Going back to school means spending money. A lot of money. All on stuff I don’t get to keep. For the amount of money spent on random school carnival wear and apparatus, magazine drives, teacher gifts (okay, that’s a good one), school lunch fund, random school promotional materials, social clubs, socks (we always need those), and just giving money to the school because aren’t we nice – I could go to Fiji and stay at a resort. Okay, not Fiji, but maybe Austin for the weekend. With a new pair of pants.

Going back to school means volunteering. A lot. Oh wait, I mean, ignoring emails about various volunteer “opportunities,” then saying things like, “I didn’t get that email.” While peeling out of the school parking lot. At five miles per hour (it’s the speed limit there).

I need more summer.

See you next year.

See you next year.

Remember when we were in grade school? The summers seemed to last forever. Come August, even the kid who couldn’t spell was ready to go back to school. I remember being at my neighborhood pool, swatting flies away from the Fudgsicle dripping down my arm, while listening to Prince’s Purple Rain album playing on a loop, thinking, “Yeah, I’m kind of over this.” It was a good thing too because by summer’s end my one-piece was kind of over it too [Cue over-stretched, saggy-assed swimsuit].

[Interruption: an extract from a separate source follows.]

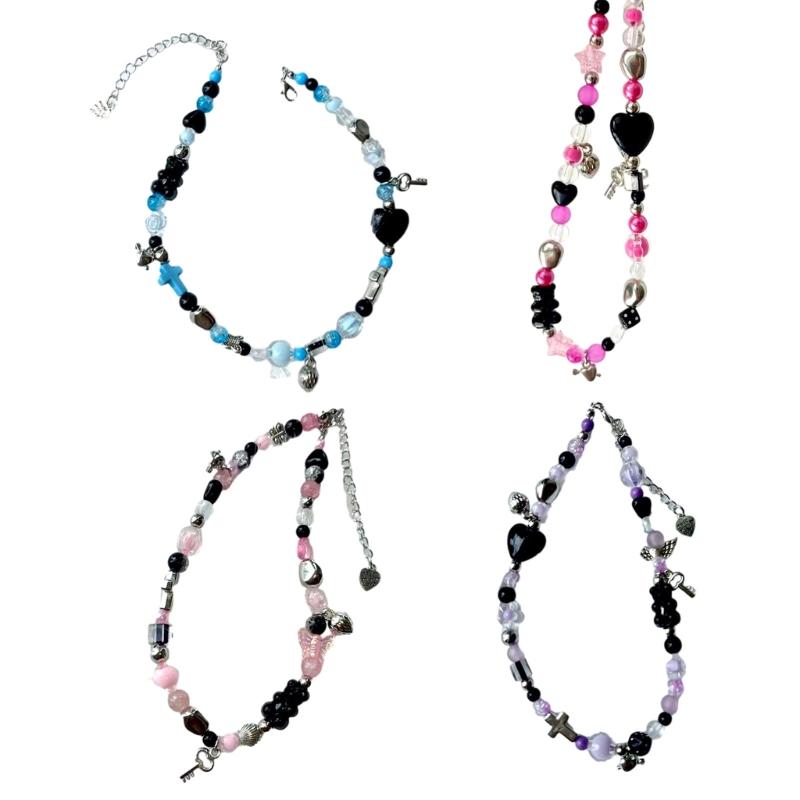 Handmade Heart Choker Delicate Beads Necklace Acrylic Alloy Material Bead Choker Necklace Perfect Gift for Trendy Girls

Even as a parent, in summers past I have been ready to shove…er…escort my child out the door to school.

I need another week. Or two.

I know how you feel sweetheart.

I know how you feel sweetheart.

I need to slather my child in SPF 50. Just one more week. I need to say to my daughter, “No, you cannot have a popsicle. It is nine a.m.” Just one more week. I need to complain about the lame summer television show options (except for The Leftovers and Ray Donovan). Just one more week.

So I might have to start a movement down here in Texas: Operation Start School After Labor Day. By September, teachers will be ready, parents will be ready, and students will be ready. Homework will actually start to look good.

Nope. No it won’t. I took it too far.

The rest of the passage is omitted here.